Bug 694166 (CVE-2010-4777)

Summary: CVE-2010-4777 perl: assertion failure with certain regular expressions
Product: [Other] Security Response Reporter: Vincent Danen <vdanen>
Component: vulnerabilityAssignee: Red Hat Product Security <security-response-team>
Status: CLOSED NOTABUG QA Contact:
Severity: medium Docs Contact:
Priority: medium    
Version: unspecifiedCC: cweyl, iarnell, kasal, lkundrak, mmaslano, perl-maint-list, ppisar, psabata, rc040203, tcallawa
Target Milestone: ---Keywords: Security
Target Release: ---   
Hardware: All   
OS: Linux   
Whiteboard:
Fixed In Version: Doc Type: Bug Fix
Doc Text:
Story Points: ---
Clone Of: Environment:
Last Closed: 2011-04-07 18:17:35 UTC Type: ---
Regression: --- Mount Type: ---
Documentation: --- CRM:
Verified Versions: Category: ---
oVirt Team: --- RHEL 7.3 requirements from Atomic Host:
Cloudforms Team: --- Target Upstream Version:
Embargoed:

Description Vincent Danen 2011-04-06 16:22:58 UTC 
It was reported [1] that perl suffers from an assertion failure in certain regular expressions.  This could cause crashes in certain programs, such as OCSInventory [2] and SpamAssassin [3].

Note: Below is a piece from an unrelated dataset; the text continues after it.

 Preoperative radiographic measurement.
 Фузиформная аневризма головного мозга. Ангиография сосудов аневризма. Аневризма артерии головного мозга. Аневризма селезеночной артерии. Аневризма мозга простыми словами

[1] http://rt.perl.org/rt3/Public/Bug/Display.html?id=76538
[2] http://forums.ocsinventory-ng.org/viewtopic.php?id=7215
[3] https://listi.jpberlin.de/pipermail/postfixbuch-users/2011-February/055885.html
Comment 1 Vincent Danen 2011-04-06 16:29:14 UTC 
I am unable to reproduce this on Fedora 14, RHEL6, RHEL5, or RHEL4.  Using the reproducer from http://rt.perl.org/rt3/Ticket/Attachment/548804/260938/ I get no crashes:

% perl sample3.pl
XML::Twig ok

Our versions look like they _should_ be affected, but for some reason we're not seeing the assertion failures at all.  I've tried with all three samples.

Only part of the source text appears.